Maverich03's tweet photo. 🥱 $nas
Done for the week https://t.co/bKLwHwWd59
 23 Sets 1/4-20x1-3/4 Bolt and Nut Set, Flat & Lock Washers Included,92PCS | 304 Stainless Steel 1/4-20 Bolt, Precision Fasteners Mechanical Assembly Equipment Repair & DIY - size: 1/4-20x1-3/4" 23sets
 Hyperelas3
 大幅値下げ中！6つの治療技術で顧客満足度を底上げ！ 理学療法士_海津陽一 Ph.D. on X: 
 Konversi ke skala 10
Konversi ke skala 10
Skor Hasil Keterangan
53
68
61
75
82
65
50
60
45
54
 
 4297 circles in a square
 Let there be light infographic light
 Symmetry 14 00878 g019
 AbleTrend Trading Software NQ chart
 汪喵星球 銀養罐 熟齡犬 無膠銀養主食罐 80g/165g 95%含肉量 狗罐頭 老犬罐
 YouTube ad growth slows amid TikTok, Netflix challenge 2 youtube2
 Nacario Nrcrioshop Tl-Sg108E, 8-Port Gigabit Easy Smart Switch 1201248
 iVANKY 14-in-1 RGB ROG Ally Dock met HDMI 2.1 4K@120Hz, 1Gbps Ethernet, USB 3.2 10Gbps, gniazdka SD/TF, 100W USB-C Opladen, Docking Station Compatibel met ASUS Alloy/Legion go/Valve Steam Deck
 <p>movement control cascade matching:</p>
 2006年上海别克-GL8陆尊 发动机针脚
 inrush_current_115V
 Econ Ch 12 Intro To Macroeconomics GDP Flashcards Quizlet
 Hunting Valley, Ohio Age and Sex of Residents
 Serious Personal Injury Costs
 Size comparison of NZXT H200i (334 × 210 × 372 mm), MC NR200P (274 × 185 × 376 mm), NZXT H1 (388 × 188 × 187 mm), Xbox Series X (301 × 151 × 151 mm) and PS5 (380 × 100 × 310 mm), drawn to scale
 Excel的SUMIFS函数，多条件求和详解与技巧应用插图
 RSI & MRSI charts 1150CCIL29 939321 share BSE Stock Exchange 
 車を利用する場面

▶ [DIRECTIONS]:
Every entry above needs to be written out again exactly.

▶ [EXERCISE OUTPUT]:
Maverich03's tweet photo. 🥱 $nas
Done for the week https://t.co/bKLwHwWd59
 23 Sets 1/4-20x1-3/4 Bolt and Nut Set, Flat & Lock Washers Included,92PCS | 304 Stainless Steel 1/4-20 Bolt, Precision Fasteners Mechanical Assembly Equipment Repair & DIY - size: 1/4-20x1-3/4" 23sets
 Hyperelas3
 大幅値下げ中！6つの治療技術で顧客満足度を底上げ！ 理学療法士_海津陽一 Ph.D. on X: 
 Konversi ke skala 10
Konversi ke skala 10
Skor Hasil Keterangan
53
68
61
75
82
65
50
60
45
54
 
 4297 circles in a square
 Let there be light infographic light
 Symmetry 14 00878 g019
 AbleTrend Trading Software NQ chart
 汪喵星球 銀養罐 熟齡犬 無膠銀養主食罐 80g/165g 95%含肉量 狗罐頭 老犬罐
 YouTube ad growth slows amid TikTok, Netflix challenge 2 youtube2
 Nacario Nrcrioshop Tl-Sg108E, 8-Port Gigabit Easy Smart Switch 1201248
 iVANKY 14-in-1 RGB ROG Ally Dock met HDMI 2.1 4K@120Hz, 1Gbps Ethernet, USB 3.2 10Gbps, gniazdka SD/TF, 100W USB-C Opladen, Docking Station Compatibel met ASUS Alloy/Legion go/Valve Steam Deck
 <p>movement control cascade matching:</p>
 2006年上海别克-GL8陆尊 发动机针脚
 inrush_current_115V
 Econ Ch 12 Intro To Macroeconomics GDP Flashcards Quizlet
 Hunting Valley, Ohio Age and Sex of Residents
 Serious Personal Injury Costs
 Size comparison of NZXT H200i (334 × 210 × 372 mm), MC NR200P (274 × 185 × 376 mm), NZXT H1 (388 × 188 × 187 mm), Xbox Series X (301 × 151 × 151 mm) and PS5 (380 × 100 × 310 mm), drawn to scale
 Excel的SUMIFS函数，多条件求和详解与技巧应用插图
 RSI & MRSI charts 1150CCIL29 939321 share BSE Stock Exchange 
 車を利用する場面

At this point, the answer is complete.